Re: [patch] mm, thp: do not cause memcg oom for thp

From: Michal Hocko
Date: Thu Mar 22 2018 - 04:12:00 EST


On Wed 21-03-18 14:27:10, David Rientjes wrote:
> On Wed, 21 Mar 2018, Michal Hocko wrote:
>
> > > That doesn't make sense, the allocation path needs to allocate contiguous
> > > memory for the high order, the charging path just needs to charge a number
> > > of pages. Why would the allocation and charging path be compatible when
> > > one needs to reclaim contiguous memory or compact memory and the the other
> > > just needs to reclaim any memory?
> >
> > Because you do not want to see surprises. E.g. seeing unexpected OOMs
> > for large allocatations. Just think about it.

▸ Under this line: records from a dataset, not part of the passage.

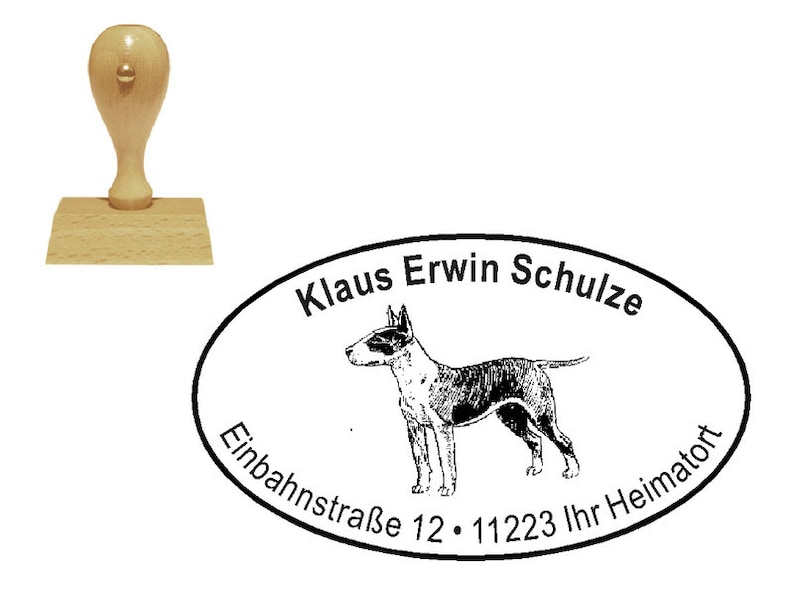 Stempel Holzstempel HUND BULLTERRIER Bild 1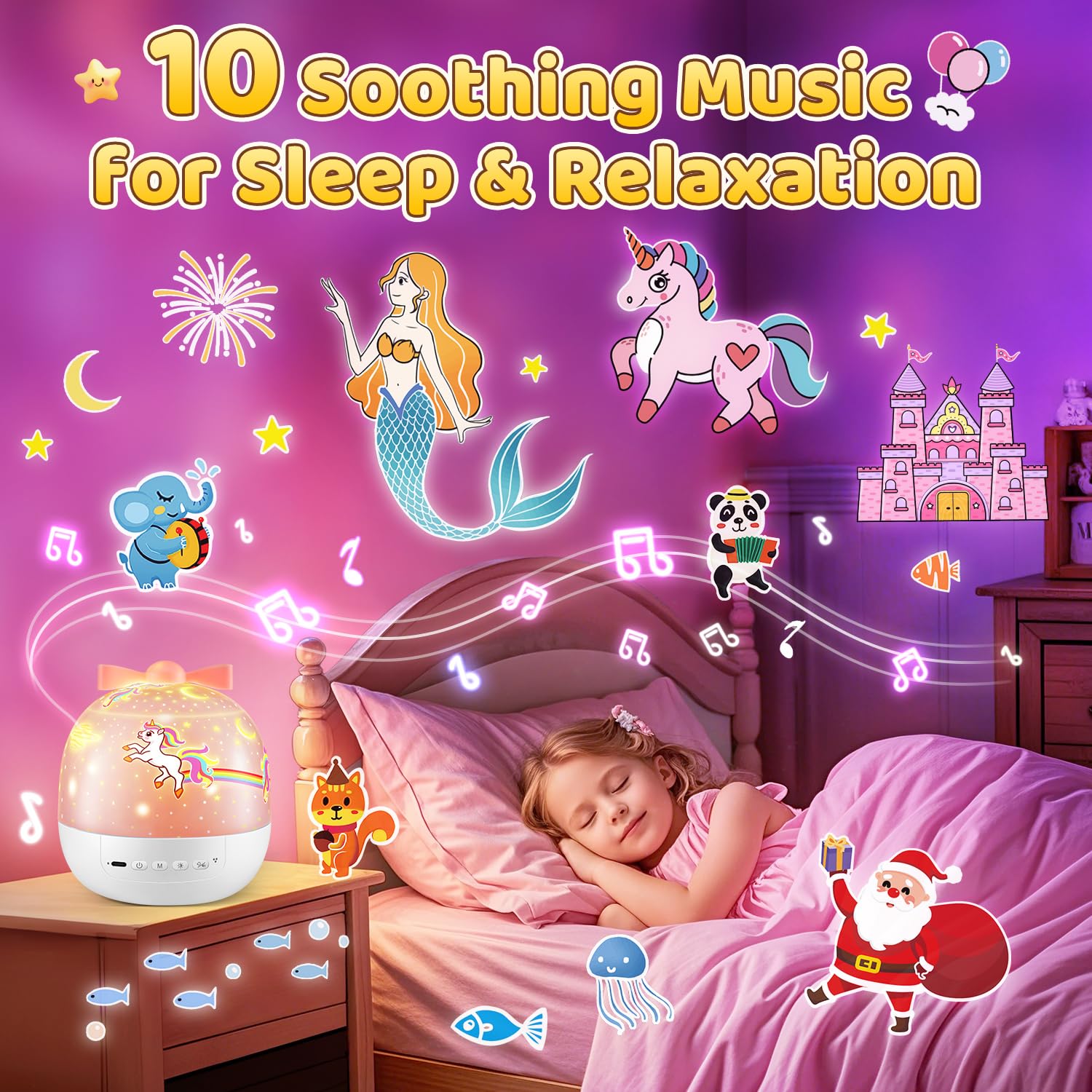 Baby Night Light, 15 Movies + 105 Modes Baby Night Light, 10 Musical and Bright Baby Night Light, Rechargeable Children's Nightlight, 360° Rotation Unicorn Night Light for Girls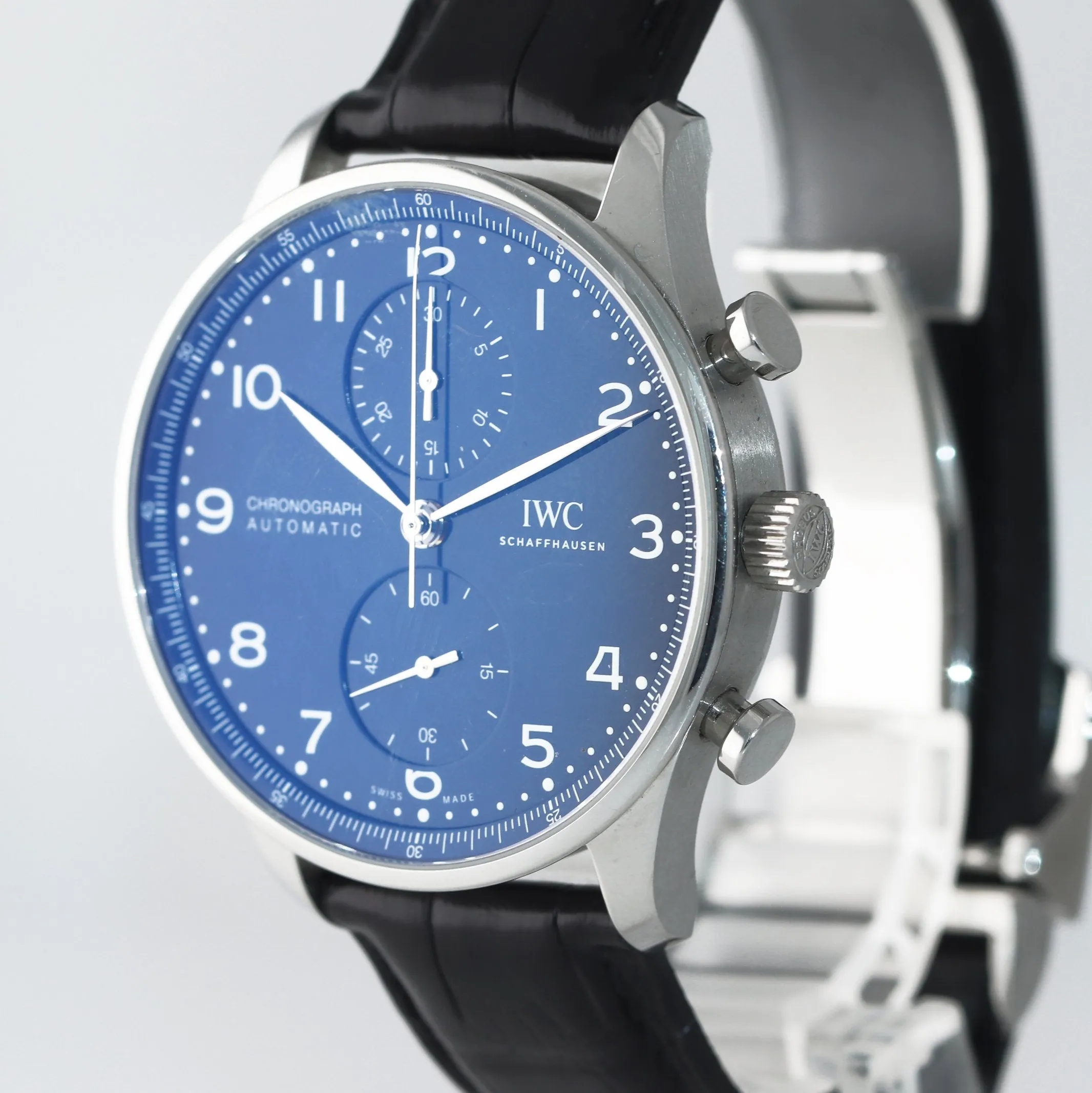 PAPERS IWC Portuguese Portugieser 150 Year Steel 41mm IW3716 Chronograph Watch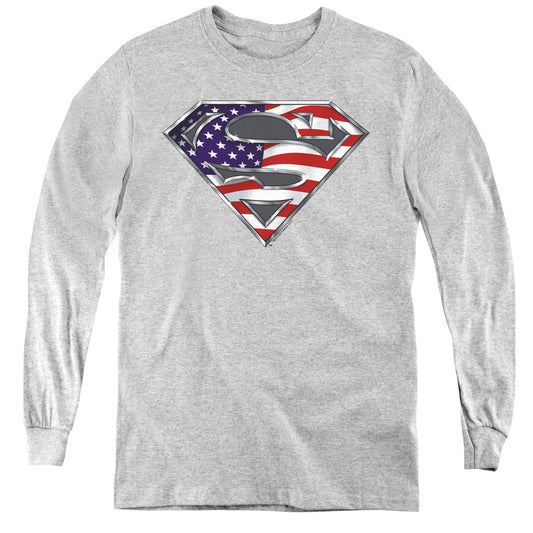 Superman All Long Sleeve Kids Youth T Shirt Athletic Heather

Do you really want to have
> > a different reclaim policy for the allocation and charging for all
> > allocating paths?
>
> It depends on the use of __GFP_NORETRY. If the high-order charge is
> __GFP_NORETRY, it does not oom kill. It is left to the caller.

How does the caller say it when the charge path is hidden inside the
allocator - e.g. inside kmalloc?

> Just
> because thp allocations have been special cased in the page allocator to
> be able to remove __GFP_NORETRY without fixing the memcg charge path does
> not mean memcg needs a special heuristic for high-order memory when it
> does not require contiguous memory. You say you don't want any surprises,
> but now you are changing behavior needlessly for all charges with
> order > PAGE_ALLOC_COSTLY_ORDER that do not use __GFP_NORETRY.

Not really. Only the #PF path is allowed to trigger the oom killer now
so high order allocations (mostly coming from kmalloc) do not trigger
OOM killer anyway. But this is the thing that might change in future and
therefore I think it is essential to have a different oom behavior than
the allocator.

> > You are right that the allocation path involves compaction and that is
> > different from the charging path. But that is an implementation detail
> > of the current implementation.
> >
>
> Lol, the fact that the page allocator requires contiguous memory is not an
> implementation detail of the current implementation.

The underlying mechanism might be different in future. So your lol is
not really appropriate.

> > Your patch only fixes up the current situation. Anytime a new THP
> > allocation emerges that code path has to be careful to add
> > __GFP_NORETRY to not regress again. That is just too error prone.
> >
>
> We could certainly handle it by adding helpers similar to
> alloc_hugepage_direct_gfpmask() and alloc_hugepage_khugepaged_gfpmask()
> which are employed for the same purpose for the page allocator gfp mask.

This doesn't solve the problem in general (e.g. kmalloc).

--
Michal Hocko
SUSE Labs